SUPPLIED INFORMATION |
____
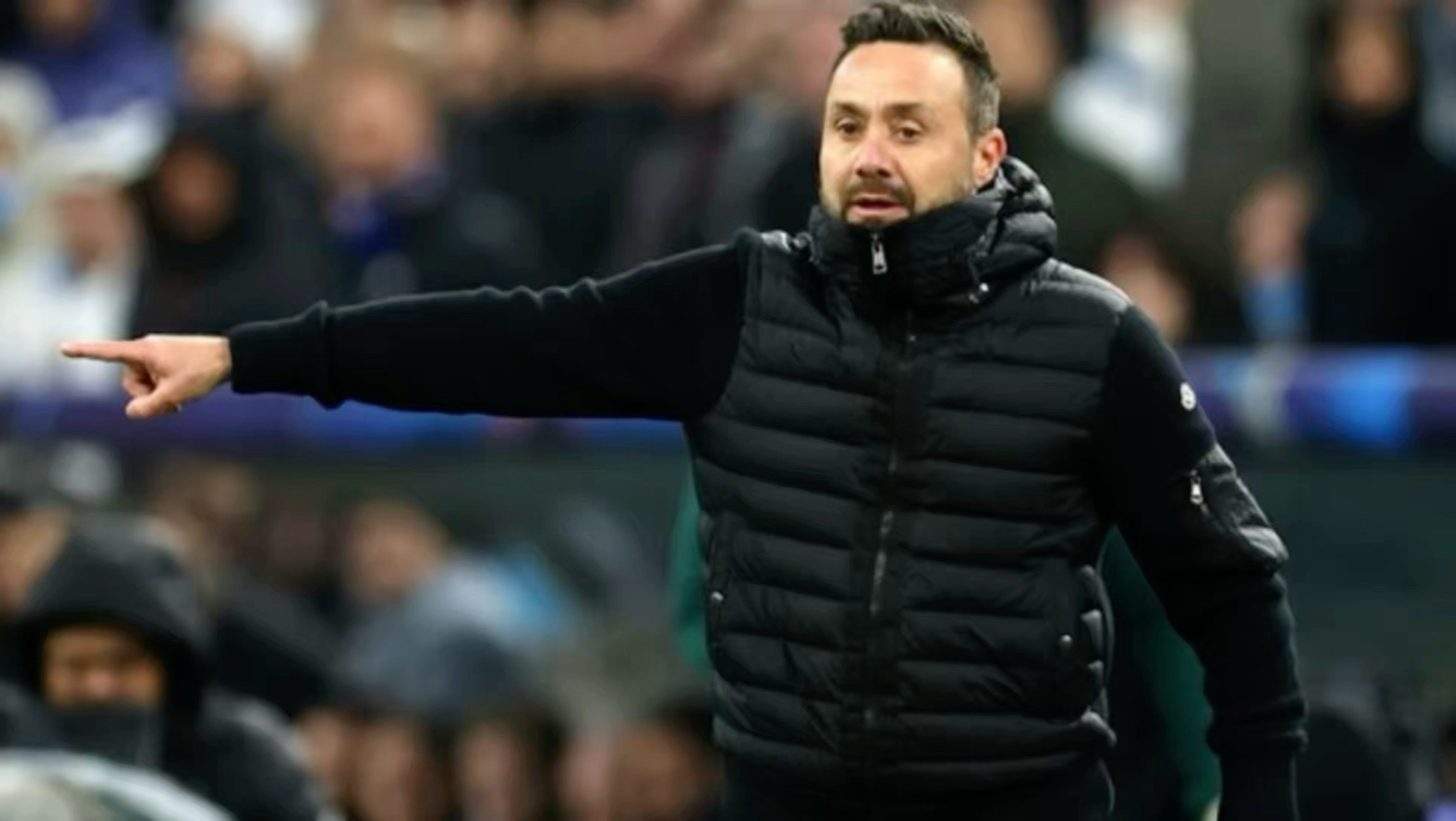 包含这也行？纽约尼克斯冲刺阶段遗憾出局赛后巴塞罗那状态回暖——欧冠节点到来，马赛今晚回应争议的词条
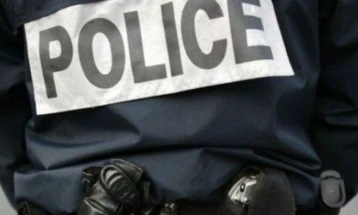 Француската полиција уби вооружен маж кој се обидел да запали синагога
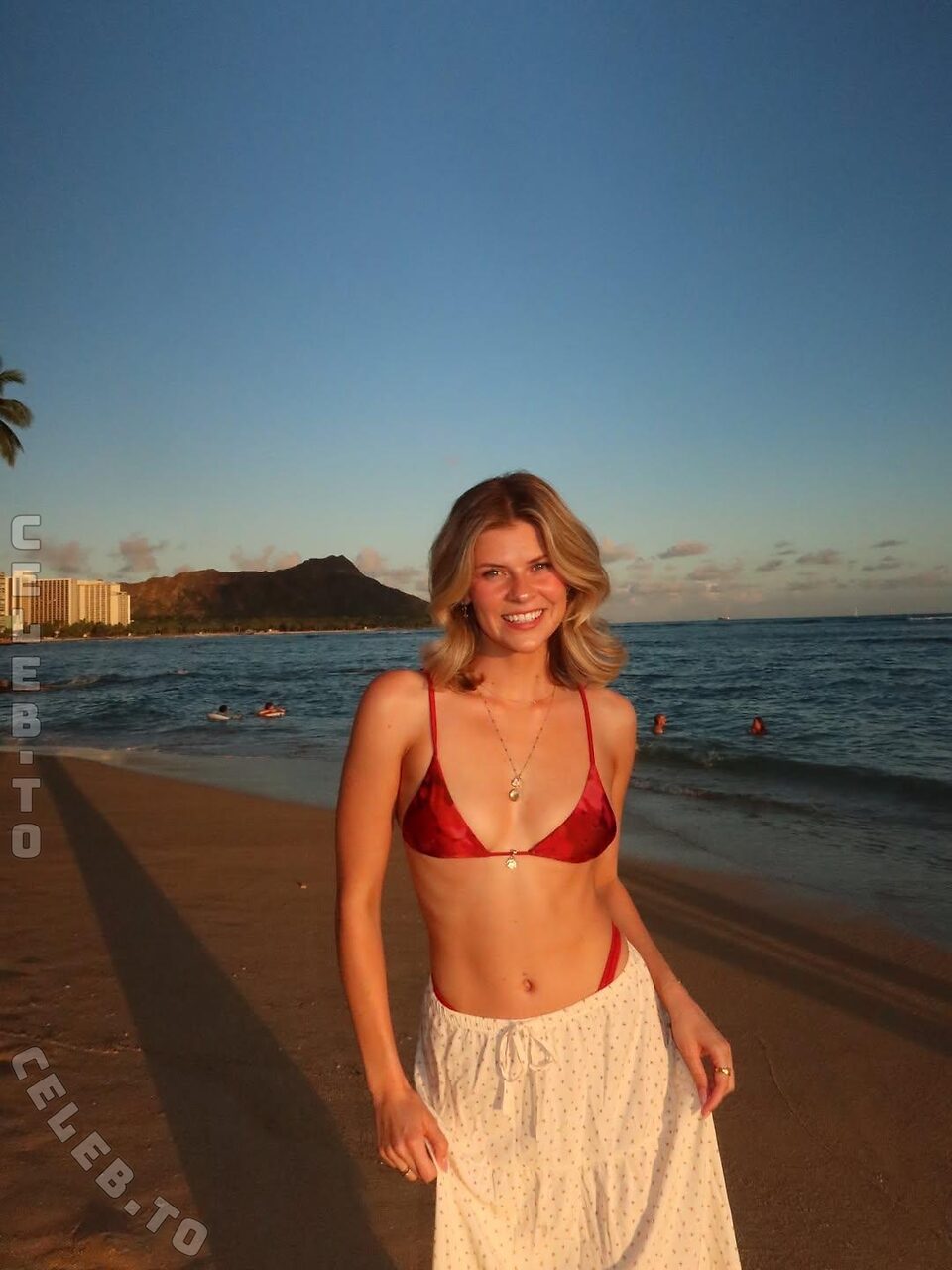 Maria Comstock Nude Leaked Photos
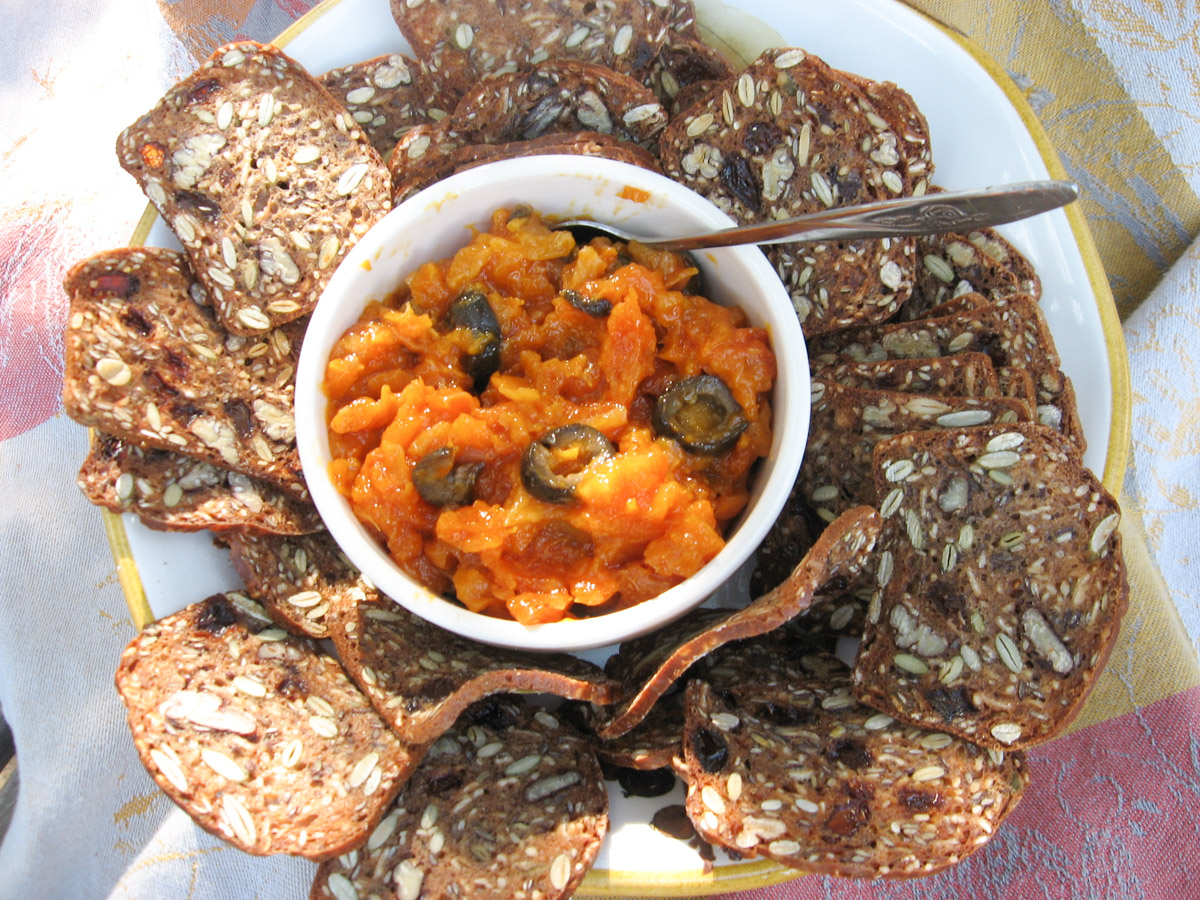 web-apricot-olive-tapenade.jpg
____
REQUIRED WORK | From the first line to the last, write out the data exactly, dropping any pictures.

COMPLETED TASK |
 包含这也行？纽约尼克斯冲刺阶段遗憾出局赛后巴塞罗那状态回暖——欧冠节点到来，马赛今晚回应争议的词条
 Француската полиција уби вооружен маж кој се обидел да запали синагога
 Maria Comstock Nude Leaked Photos
 web-apricot-olive-tapenade.jpg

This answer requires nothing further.